**Assignment:** The answer must be an exact copy of the lines from the one containing "2020-2021年成都房地产市场总结及后市研判报告.pptx_第5页" through the last line of the records, with the pictures left out.

Items listed in a dataset
[Start of section]

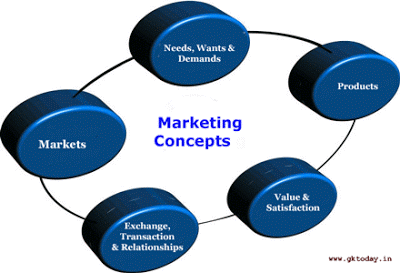 Các Concept Marketing Cơ Bản- Ảnh 1.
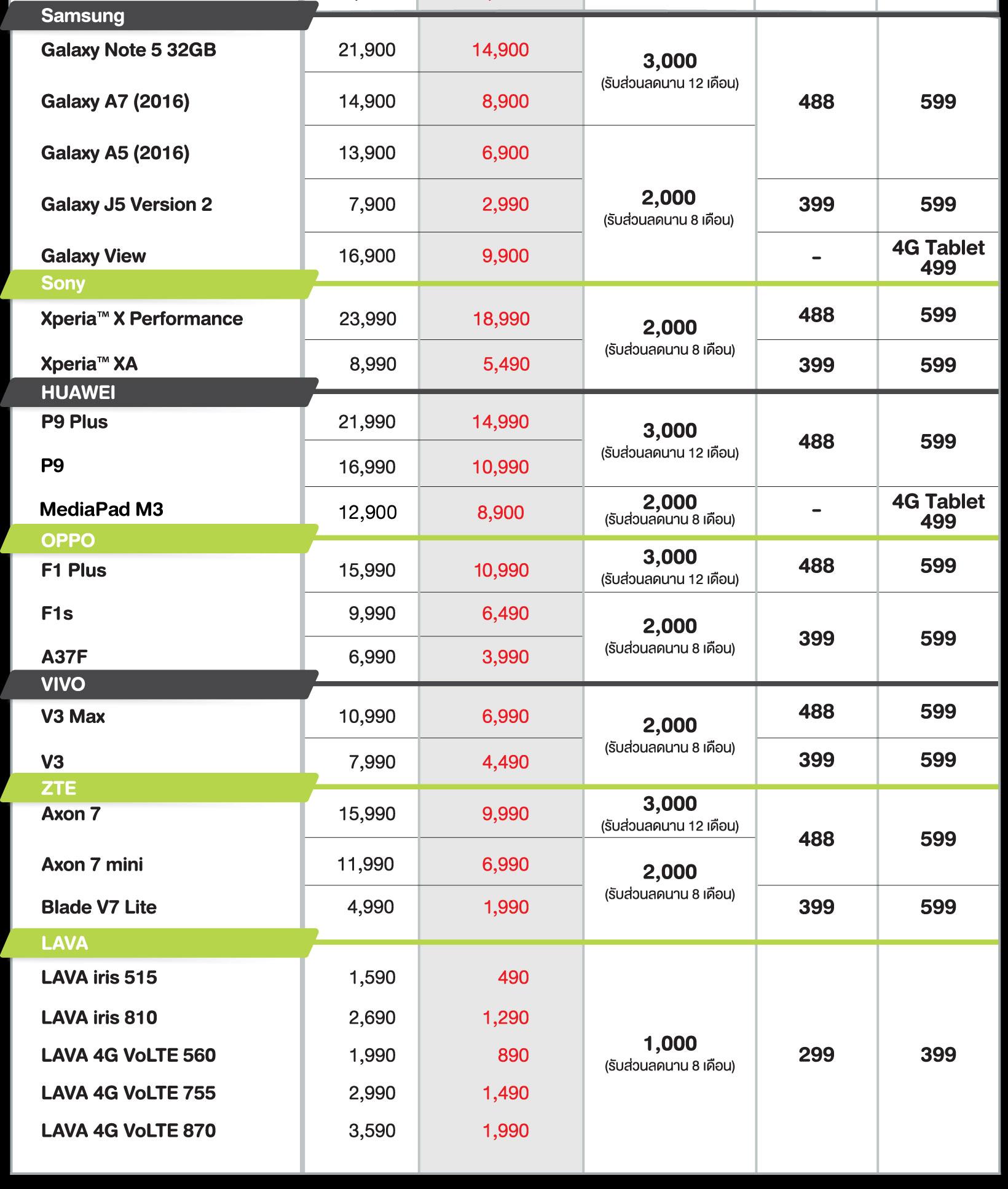 โปรโมชั่นอื่น ๆ ของ AIS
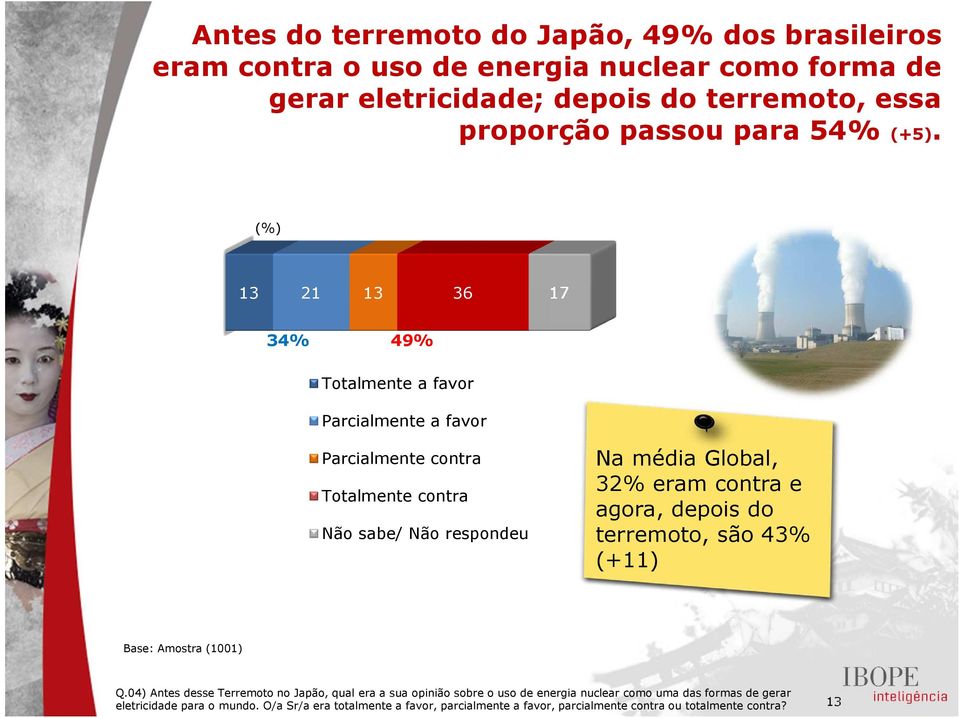 13 21 13 36 17 34% 49% mente a favor Parcialmente a favor Parcialmente contra mente contra Não sabe/ Não Na média Global, 32% eram contra e agora, depois do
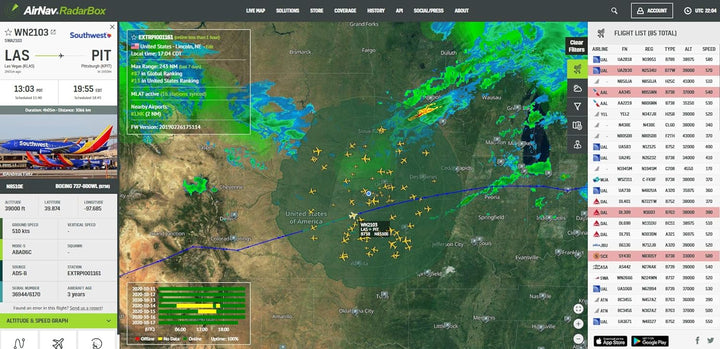AirNav ADS-B 1090 MHz XBoost Antenne mit SMA Anschluss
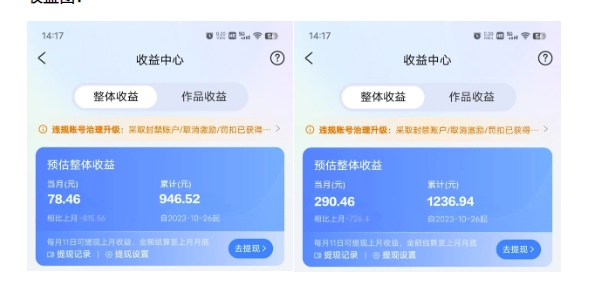 最新景点旅行图片视频打卡，实测矩阵月入2000+，新手可做【揭秘】-最全项目网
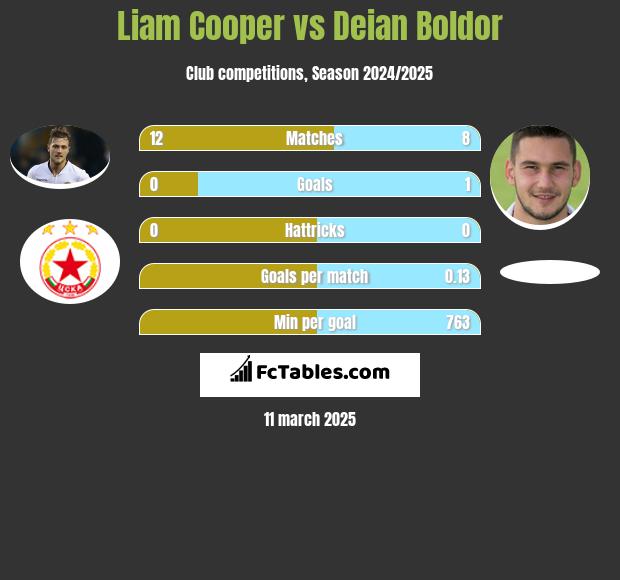 Liam Cooper vs Deian Boldor h2h player stats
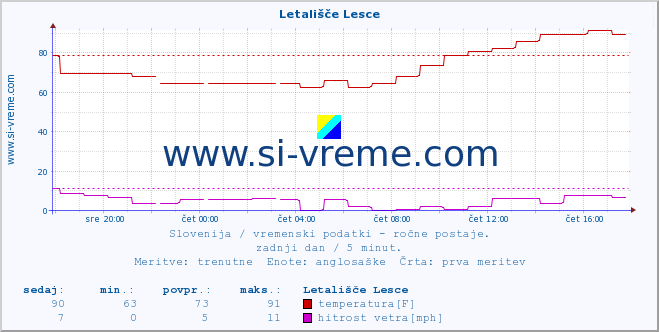 POVPREČJE :: Letališče Lesce :: temperatura | vlaga | smer vetra | hitrost vetra | sunki vetra | tlak | padavine | temp. rosišča :: zadnji dan / 5 minut.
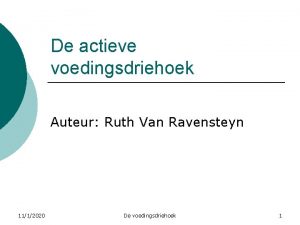 De actieve voedingsdriehoek Auteur Ruth Van Ravensteyn 1112020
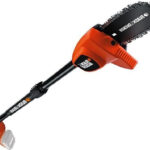 Black & Decker GPC1820LB recenze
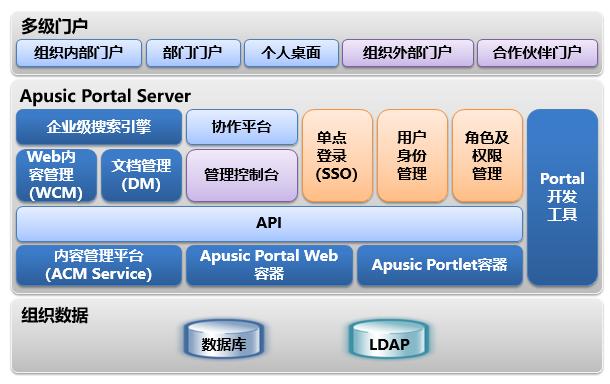 信创中心,信创中心是什么公司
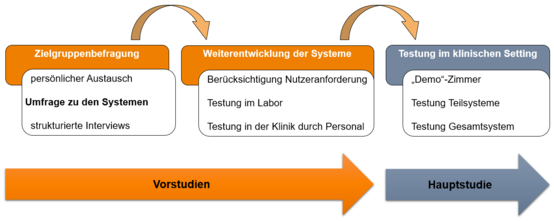 Schematischer Ablaufplan mit drei Textfeldern zu Zielgruppenbefragung, Systemweiterentwicklung und Testung, Pfeile für Vorstudien und Hauptstudie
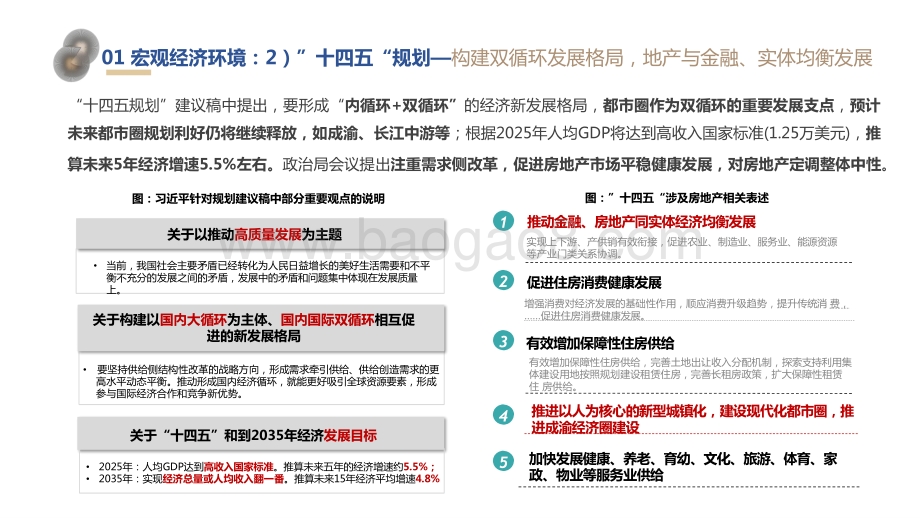 2020-2021年成都房地产市场总结及后市研判报告.pptx_第5页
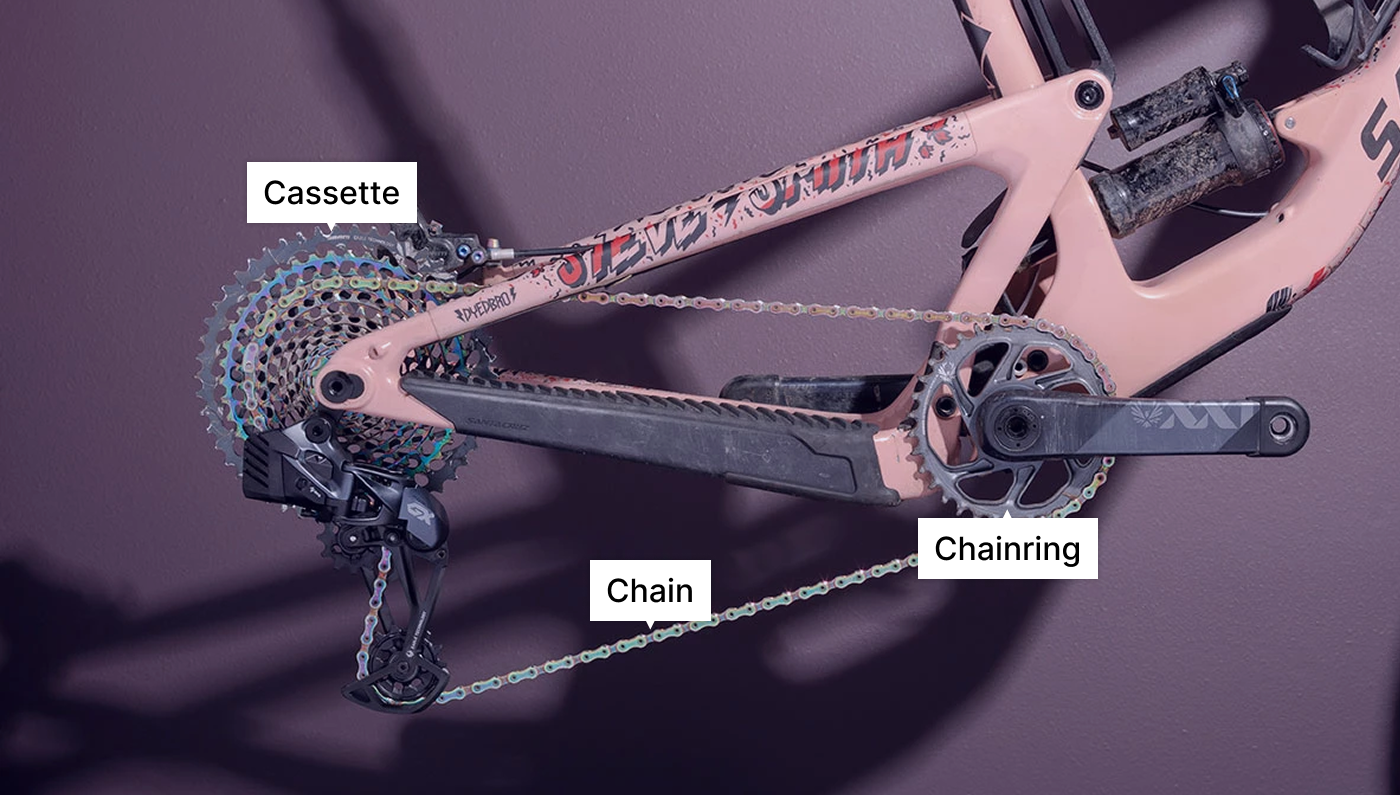 SRAM Eagle cassette, chain, and chainring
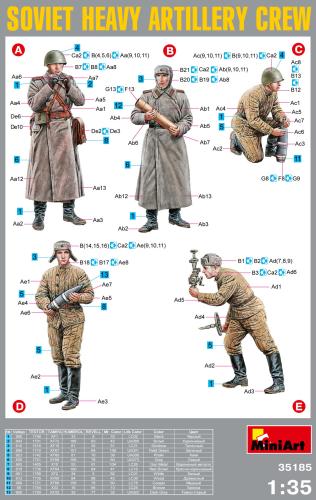 Soviet Heavy Artillery Crew, Special Edition 1/35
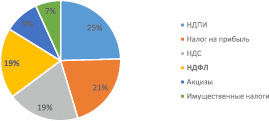 hanrramaj1.wmf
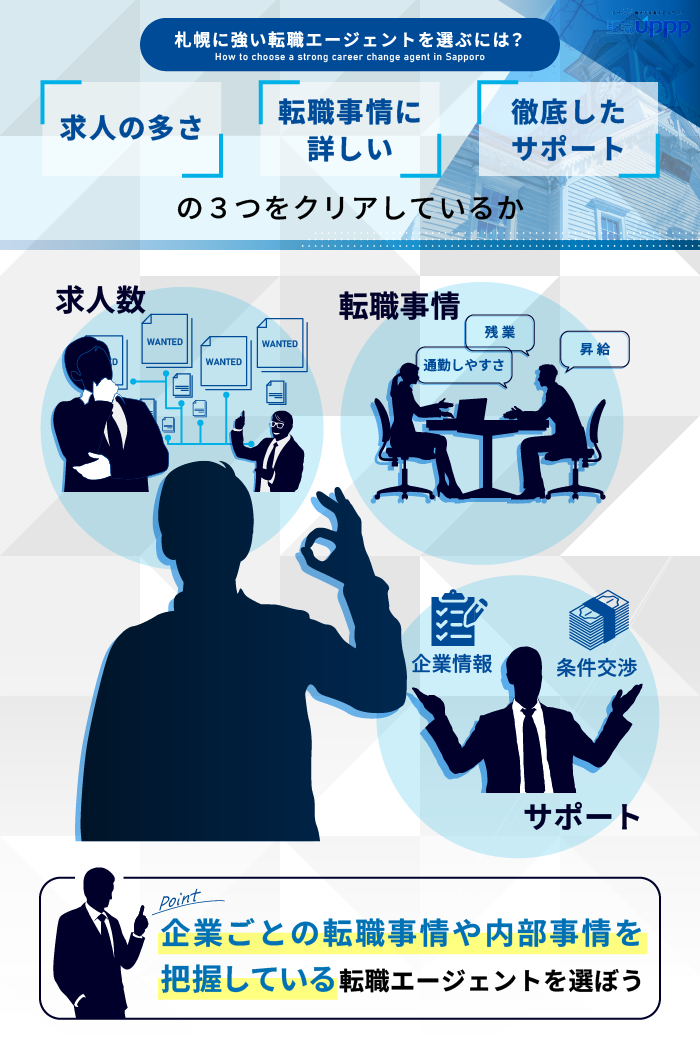 札幌に強い転職エージェントを選ぶには？求人の多さ・転職事情に詳しい・徹底したサポートの3つをクリアしているか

[End of section]

**Answer below:**
 2020-2021年成都房地产市场总结及后市研判报告.pptx_第5页
 SRAM Eagle cassette, chain, and chainring
 Soviet Heavy Artillery Crew, Special Edition 1/35
 hanrramaj1.wmf
 札幌に強い転職エージェントを選ぶには？求人の多さ・転職事情に詳しい・徹底したサポートの3つをクリアしているか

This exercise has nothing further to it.